Twitter users on Monday discovered that searching for “brassiere” in Apple’s default Photos app returned images that weren’t entirely safe for work.

Tests by the Quartz newsroom and others on Twitter confirm that “brassiere” is searchable in Photos—however, results were mixed. One Quartz reporter’s search yielded only an image of her in a dress, skipping over photos of friends at the beach. Another wore a bra as a part of a costume, but the AI didn’t surface those pictures. The AI often included photos of dresses with skinny straps, or sports bras. Others confirmed that the folder had—disconcertingly—worked as intended.

For another Quartz reporter, the Photos app catalogued an image of a t-shirt (featured in a past story), which seems to confirm our working theory: It’s looking for shapes that resemble bra straps.

According to Apple Photos, a bra.
According to Apple Photos, a bra.
Image: Quartz/ Marc Bain

The Photos AI is trained to find objects or people that it knows and group them into folders when you search for them. Try searching, for example, “dogs,” “wedding,” or “cars.” Apple made this possible this by showing an algorithm tons of examples of different items, and then telling the algorithm the word associated with each. Somehow, brassieres made it into the mix.

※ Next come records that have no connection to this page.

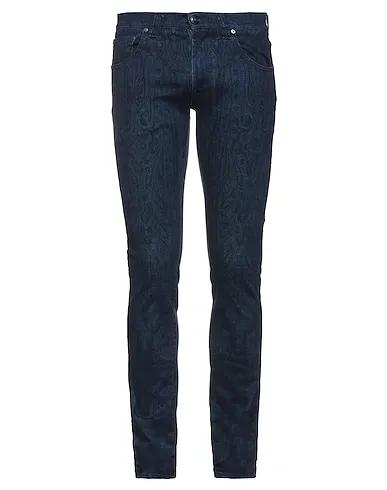 Blue Denim Denim pants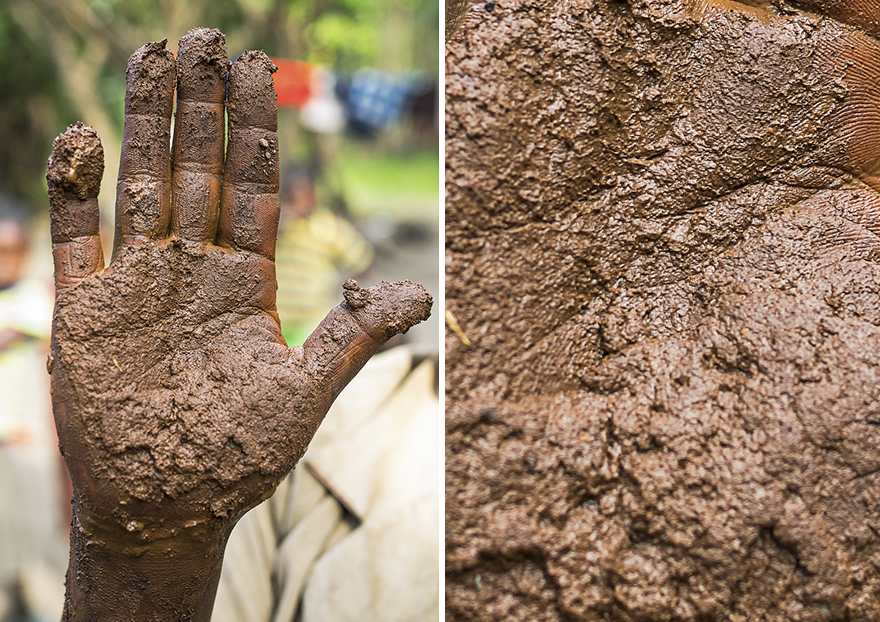 Tenyerekkel mesél életeket a líbiai fotós
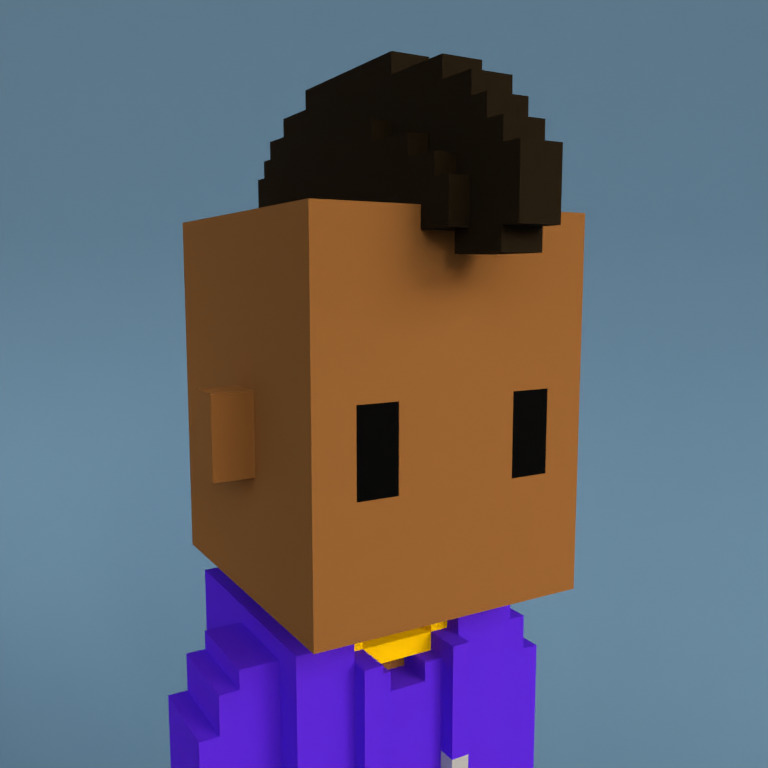 Meebit #5690 — Portrait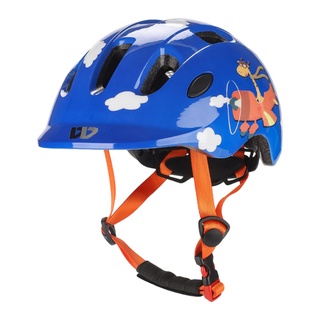 Fx] Casco De Ciclismo Para Niños , Oeste , Patrón De Dibujos Animados ,  Seguridad Para Bicicleta , Amortiguador | Shopee México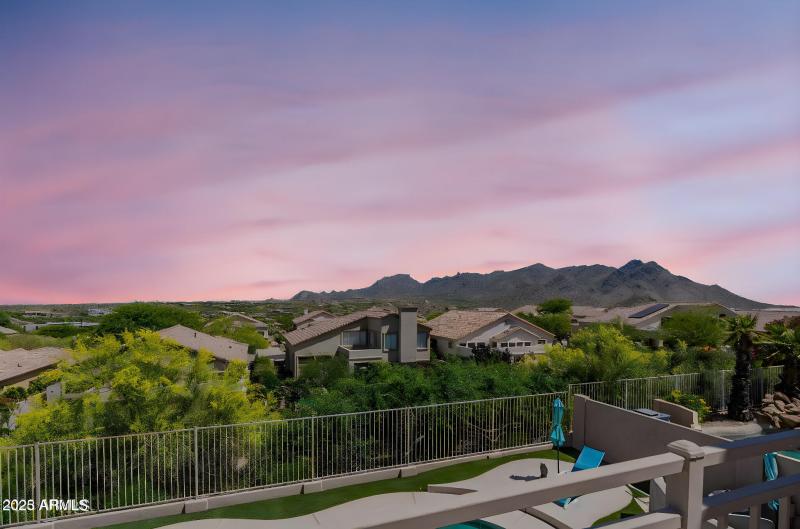 Master BedRoom Balcony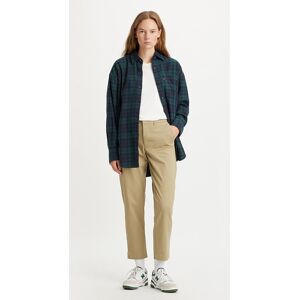 Levis Levi's Essential Chino Khaki Taille: W24L29 Chinos Outlet Femme Marron - Publicité Levis Levi's Essential Chino Khaki Taille: W24L29 Chinos Outlet Femme Marron - Publicité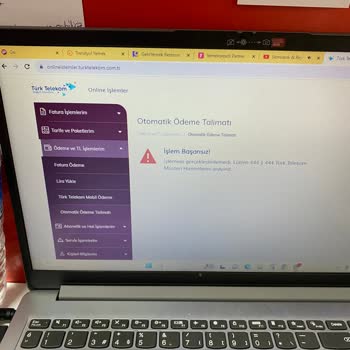 Türk Telekom Otomatik Ödeme Talimatı İptal Etmek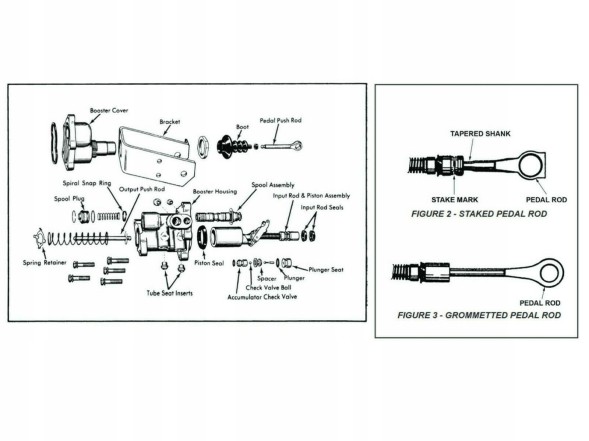CHINA USA-2771004 Ремкомплект hydroboost шевроле gmc 92-05
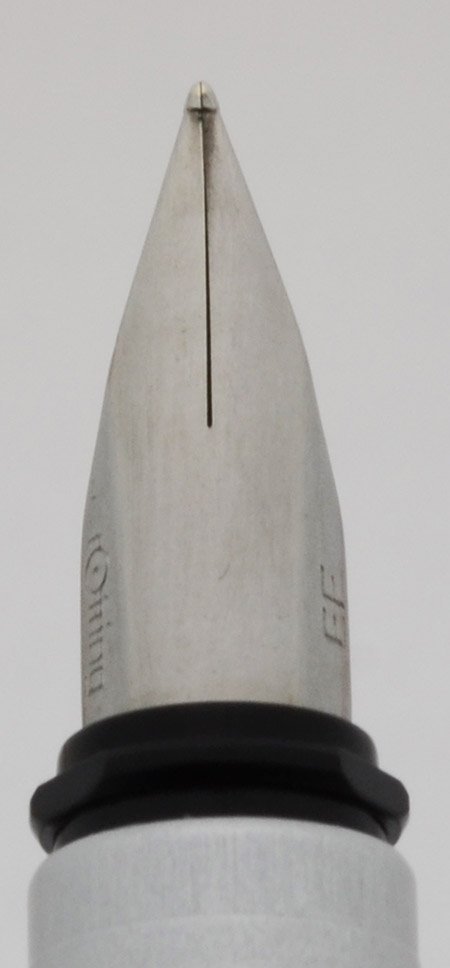 Rotring 400 Fountain Pen - Early Version, Matte Chrome, Extra Fine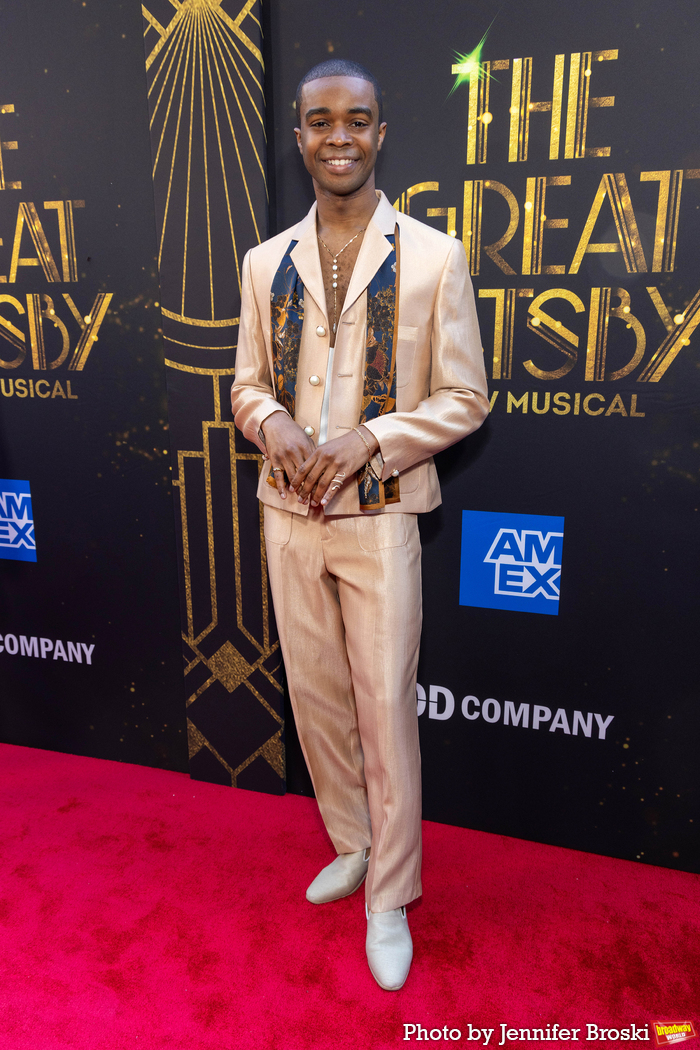 Photos: Jeremy Jordan, Eva Noblezada & the Company of THE GREAT GATSBY Celebrate Opening Night Image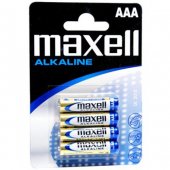 Maxell baterii Alkaline AAA (LR3) 4 bucati / blister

Don’t worry—your phone’s AI is doing this only on the device, meaning nobody at Apple is seeing your photos, and they’re not stored anywhere besides your phone (and potentially iCloud, depending on your storage settings). Photos does not allow you to turn the AI off.

Apple isn’t alone in using brassiere as a category of images that AI understands. ImageNet, the library of images that created the AI boom we see today, uses it as well, also including the words “bra” and “bandeau.” Coworkers tested the same “brassiere” search on Google Photos and found similar results.

We’ve reached out to Apple and will update with any response.